In conclusion, we cluster all the features into six main
categories. They are plant region, water region, roads, farmland, construction
and other region. The graph below showed
both the image processed by QGIS and Tableau.
3 – There are most likely many features in the
images that you cannot identify without additional information about the
geography, human activity, and so on. Mitch is interested in changes
that are occurring that may provide him with clues to the problems with the
Pipit bird. Identify features that change over time in these images,
using all channels of the images. Changes may be obvious or subtle,
but try not to be distracted by easily explained phenomena like cloud
cover. Please limit your answer to 6 images and 750 words.
This graph board showed the analysis with each measure by
choosing the target measure in the dropdown list on the top-right. Graph on the
left is the choropleth map of the satellite image. Line chart on the left shows
the two factors deriving the measure and their change by month. Chart on the
bottom is the histogram for certain measure.

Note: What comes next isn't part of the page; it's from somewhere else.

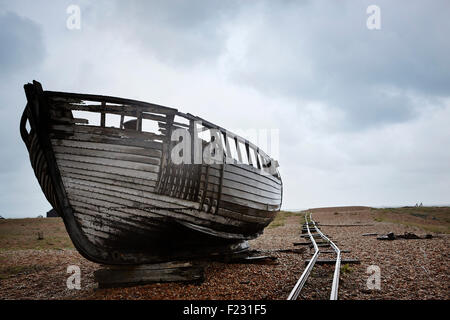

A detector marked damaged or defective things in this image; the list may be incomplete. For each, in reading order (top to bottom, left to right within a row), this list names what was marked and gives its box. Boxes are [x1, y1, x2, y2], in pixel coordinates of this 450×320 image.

broken wooden rib [21, 80, 284, 264]
rusty metal track [288, 212, 342, 300]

For example, we choose NDVI as our measure. The higher NDVI
value is, the healthier or denser the plant is. And the factor1 is B4 Factor2
is B3 according to the formula of NDVI. From the line chart, there is obvious
difference between two factors from June to September. The result would be
significant if we use month among them.
From the multiple dropdown list, we compare the performance of
NDVI on September from 2014 to 2015. There is obvious shift towards left from
2014 to 2015, which means the plant became less dense and the preserve is less
healthy for some certain reasons. And it might be the possible cause of the
decreasing of the Pipit Birds. It deserves a deeper research for that.
Because the habitat for Pipit might be grassland rather than
tall trees. Certain areas with relatively low NDVI could be the key factors.

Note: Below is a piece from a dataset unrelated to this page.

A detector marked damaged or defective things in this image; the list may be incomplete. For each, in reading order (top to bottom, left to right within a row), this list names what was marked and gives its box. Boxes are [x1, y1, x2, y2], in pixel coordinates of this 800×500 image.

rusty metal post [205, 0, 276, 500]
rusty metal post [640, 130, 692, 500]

Although the overall NDVI can be improved, further research is required to focus
more on the target areas that can be the habitat of Pipit
By using NDSI, we can
compare the snow coverage between 2014 and 2016. And the area graph shifted
left from Dec 2014 to Dec 2016, which showed that the snow coverage became
smaller and that the temperature became higher during this period. In addition,
by using NDMI, we can see that the area graph shifted right, which meant the
moisture became higher from Jun 2015 to Jun 2016. And the area graph came can
show us this kind of change more direct.
We use the difference of NDVI between 2015-06 and 2016-06 to
find the place which plant become less healthy. In addition, we use the
difference of NBR between 2015-06 and 2016-06 to find the burned area.
In conclusion, the plant
health became less healthy and we knew its region, temperature and moisture
became higher. These changes might be caused by human activities or the
manufacturing progress or other factors. However, more imagery information is
required to study into this further.